• _What the exercise asks_:
Restate the listing below word for word. No picture belongs in the result.

• _Entries provided_:

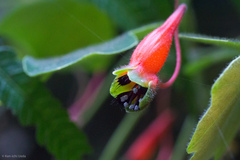 Tropaeolum adpressum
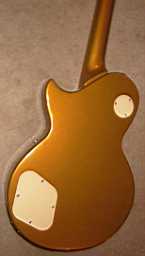 TN_Jay Turser Les Paul Gold Bullion body rear.JPG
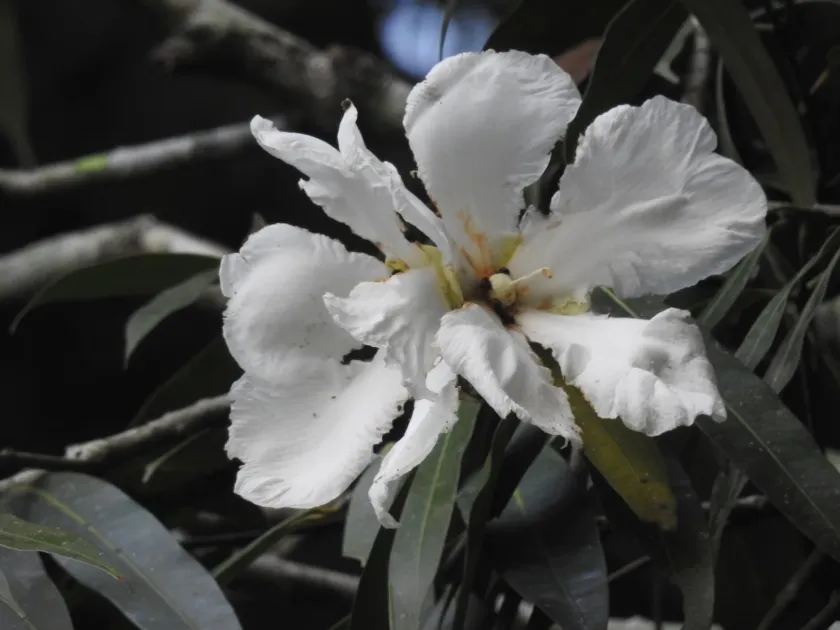 Mesua ferrea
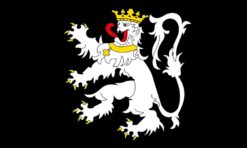 Gent Municipal flag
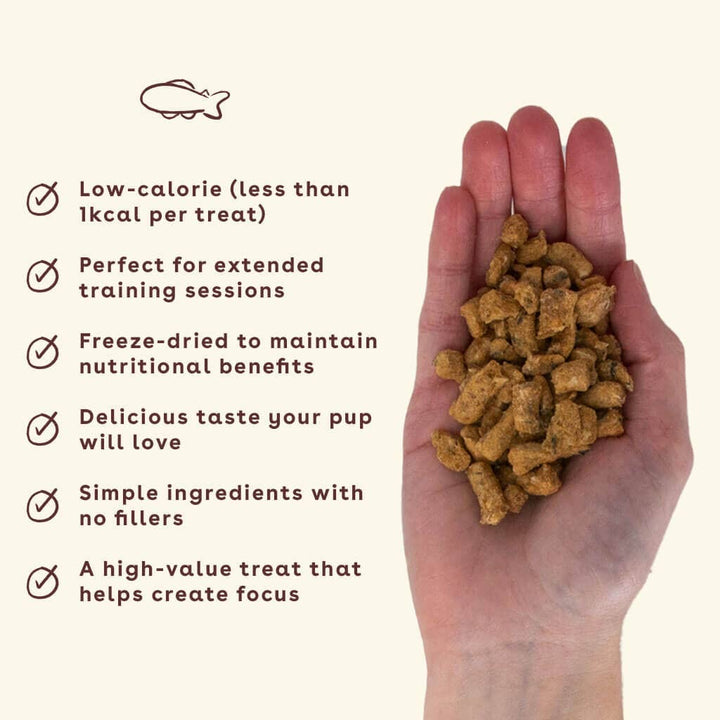 Freeze Dried Training Treats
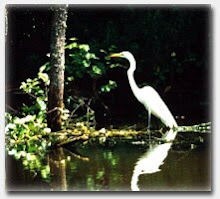 Atchafalaya Basin Swamp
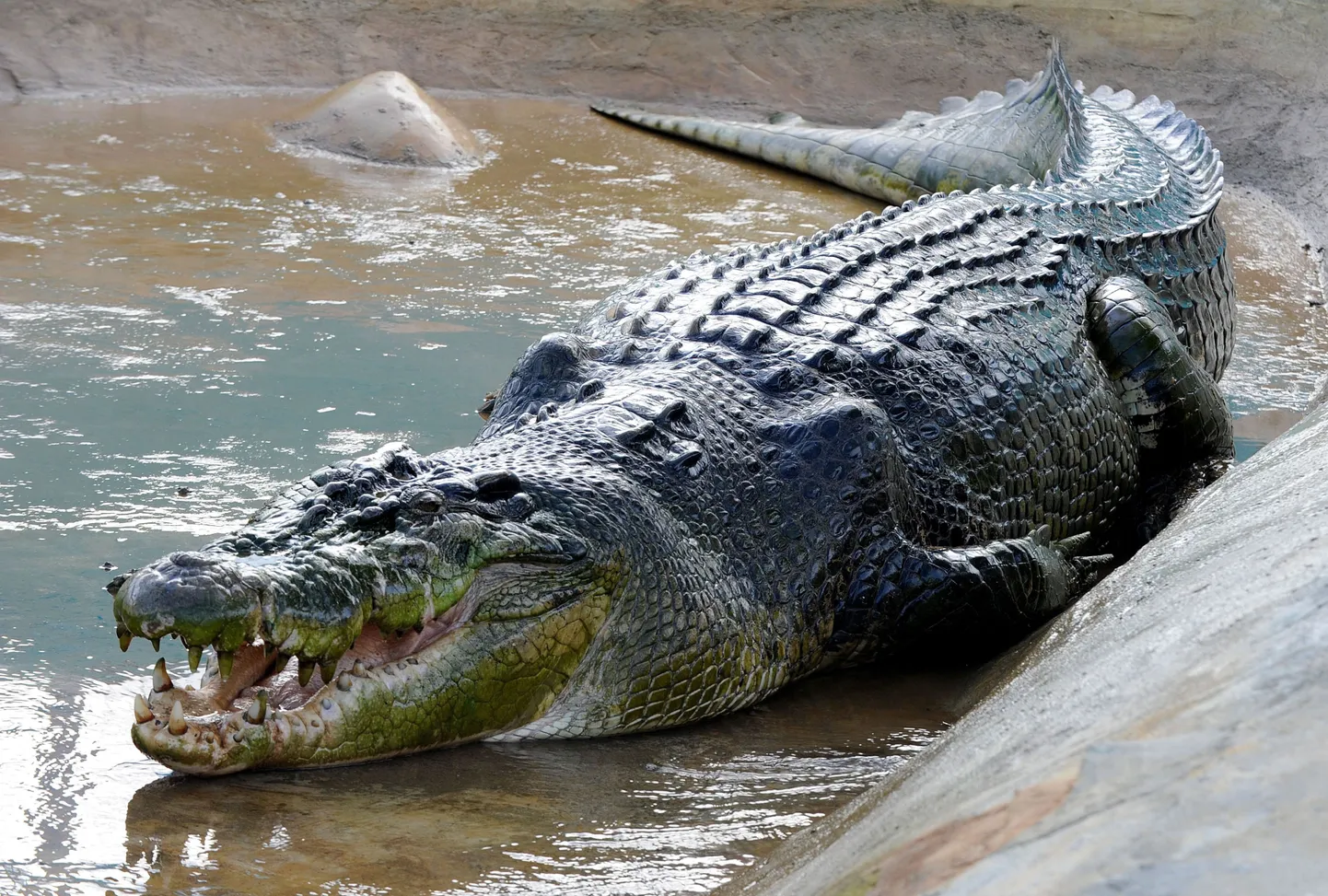 Krokodill.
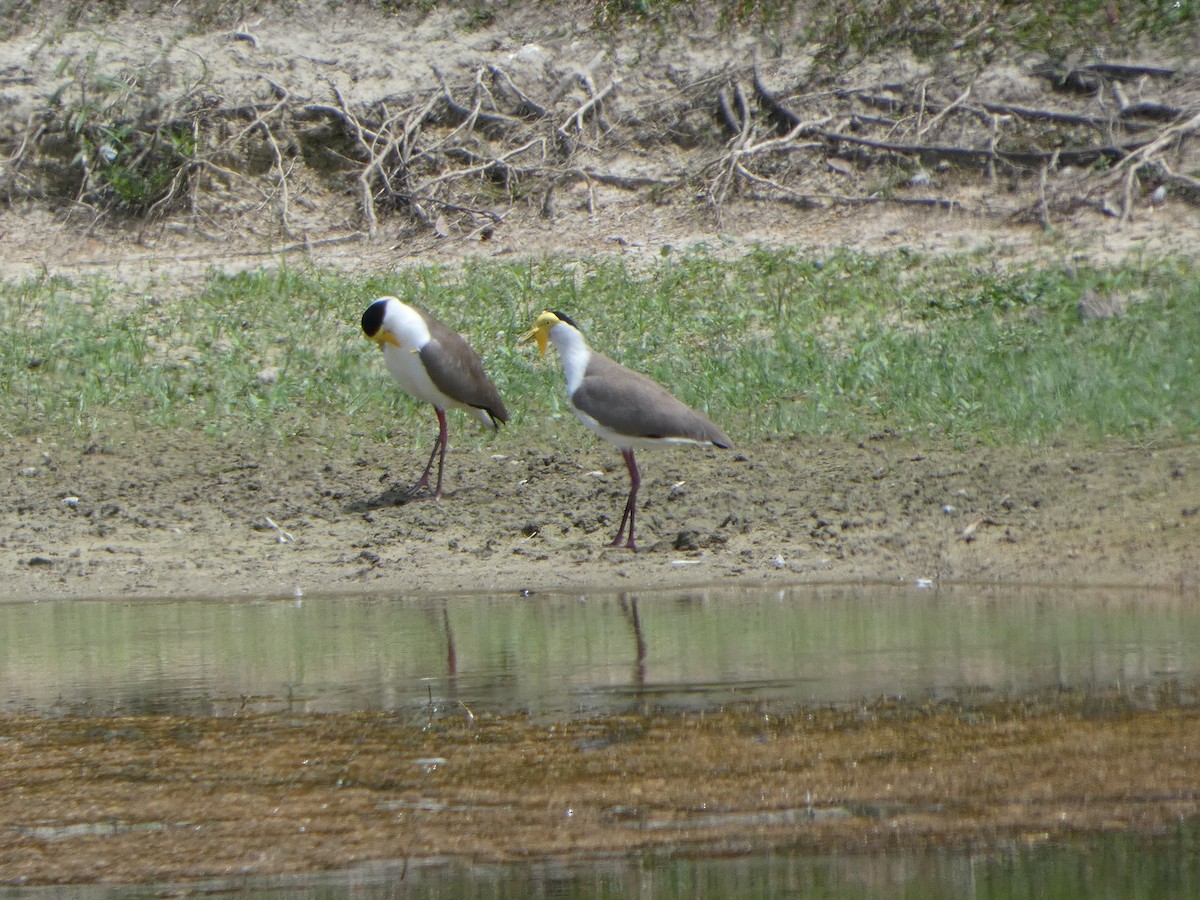 čejka australská (ssp. miles) - ML644285591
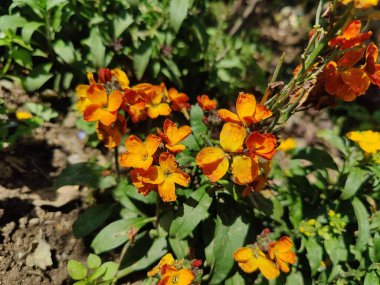 Erysimum cheiri, yaygın duvar çiçeği ya da cheiranTHus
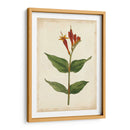 Vibrant Curtis Botanicals Iii | Cuadro decorativo de Canvas Lab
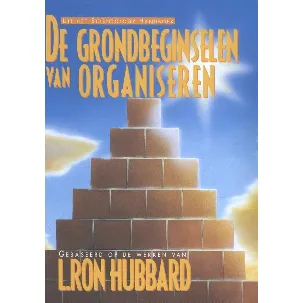 Afbeelding van De grondbeginselen van organiseren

• _Response area_:
 Tropaeolum adpressum
 TN_Jay Turser Les Paul Gold Bullion body rear.JPG
 Mesua ferrea
 Gent Municipal flag
 Freeze Dried Training Treats
 Atchafalaya Basin Swamp
 Krokodill.
 čejka australská (ssp. miles) - ML644285591
 Erysimum cheiri, yaygın duvar çiçeği ya da cheiranTHus
 Vibrant Curtis Botanicals Iii | Cuadro decorativo de Canvas Lab
 Afbeelding van De grondbeginselen van organiseren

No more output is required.